FIG. 3 is a top view of the danger area of FIG. 2, in accordance with an embodiment of the present disclosure. Herein, a danger area 374 comprises a plurality of sub-areas 374', 374", and 374'", wherein a given second device (such as, the second device 208' and/or the second device 208" of FIG. 2) is further configured to activate different first alarms for alarm conditions pertaining to different sub-areas amongst the plurality of sub-areas 374', 374", and 374'". The sub-area 374'" is closest to the load (shown in FIG. 3), while the sub-area 374' is farthest from the load. These sub-areas 374', 374", and 374'" may have different shapes and/or extents.

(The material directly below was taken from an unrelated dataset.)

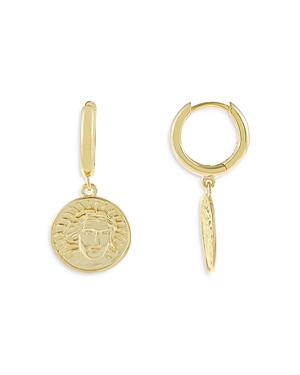 Adinas Jewels Coin Drop Huggie Hoop Earrings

FIGs. 4A and 4B illustrate a flowchart depicting steps of a method for providing safety at a construction site using a warning system, in accordance with an embodiment of the present disclosure. The method includes, at step 402, receiving first signals from a geo-spatial positioning system for calculating a first position of a load based on the first signals. The method includes, at step 404 receiving second signals from the geo-spatial positioning system for calculating a second position of the at least one second device based on the second signals. The method includes, at step 406, receiving third signals from the geo-spatial positioning system for calculating a third position of the base station based on the third signals. The method includes, at step 408, generating a first correction signal and a second correction signal based on the third position, and sending the first correction signal and the second correction signal from the base station to a first device and the at least one second device, respectively. The method includes, at step 410, determining a fourth position of the load, based on the first position and the first correction signal. The method includes, at step 412, determining a fifth position of the at least one second device, based on the second position and the second correction signal. The method includes, at step 414, sending, from a third device to the first device, load information of the load. The method includes, at step 416, defining a danger area surrounding the load, based at least on the fourth position of the load and the load information. The method includes, at step 418, sending danger area information, from the first device to the at least one second device, wherein the danger area information pertains to the danger area. The method includes, at step 420, determining whether an alert condition is present, based on the fifth position and the danger area information. When it is determined that the alert condition is present, the method includes activating a first alarm on the at least one second device at step 422. When it is determined that the alert condition is not present, the first alarm on the at least one second device is not activated at step 424.

The steps 402, 404, 406, 408, 410, 412, 414, 416, 418, 420, 422, and 424 are only illustrative and other alternatives can also be provided where one or more steps are added, one or more steps are removed, or one or more steps are provided in a different sequence without departing from the scope of the claims herein. For example, the steps 402, 404, and 406 may be performed concurrently.

Modifications to embodiments of the present disclosure described in the foregoing are possible without departing from the scope of the present disclosure as defined by the accompanying claims. Expressions such as "including", "comprising", "incorporating", "have", "is" used to describe, and claim the present disclosure are intended to be construed in a nonexclusive manner, namely allowing for items, components or elements not explicitly described also to be present. Reference to the singular is also to be construed to relate to the plural.